Los monumentos atacados datan de la época en la que esta ciudad maliense era un centro del sufismo, considerado blasfemo por la ortodoxia islámica. Tras el acto físico de su destrucción había un trasfondo religioso, una intención de purga y de combate frente al hereje similar a la que sufren distintas comunidades que profesan credos diferentes al de la rama mayoritaria del islam. En aquella ocasión, sin embargo, lo que corrió fue el polvo centenario de la piedra quebrada y no la sangre de personas inocentes.
La noticia fue recibida como un hito del creciente alcance del tribunal y también de su flexibilidad conceptual para juzgar delitos distintos de aquéllos sobre los que ha dictado sentencia hasta ahora.
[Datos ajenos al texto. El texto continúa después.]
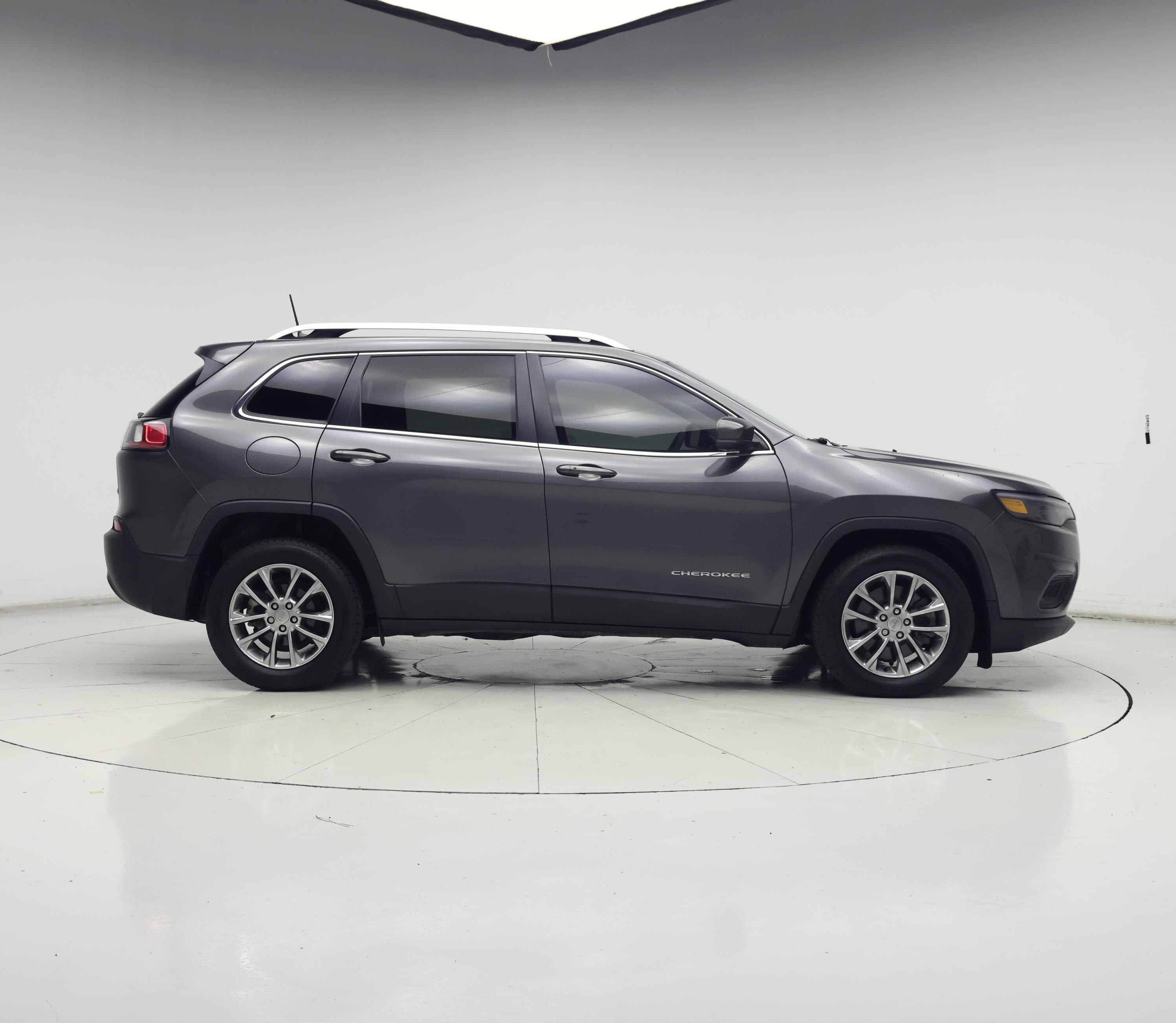 Thumbnail: 2020 Jeep Cherokee - 7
Al considerar la destrucción sistemática de bienes culturales como un crimen de guerra, la Corte llevó a su realización más práctica y visible la legislación internacional en la materia promovida por la Unesco, cuya piedra angular es la Convención para la protección de los bienes culturales en caso de conflicto armado.
No es casualidad que este veredicto sin precedentes tuviera lugar a causa de unos actos perpetrados en Malí, ya que el país es un laboratorio pionero en materia de preservación internacional de su legado histórico. La resolución del Consejo de Seguridad de Naciones Unidas que autorizó la misión de mantenimiento de la paz en Malí (MINUSMA) incluye por primera vez una cláusula específicamente destinada a la protección del patrimonio.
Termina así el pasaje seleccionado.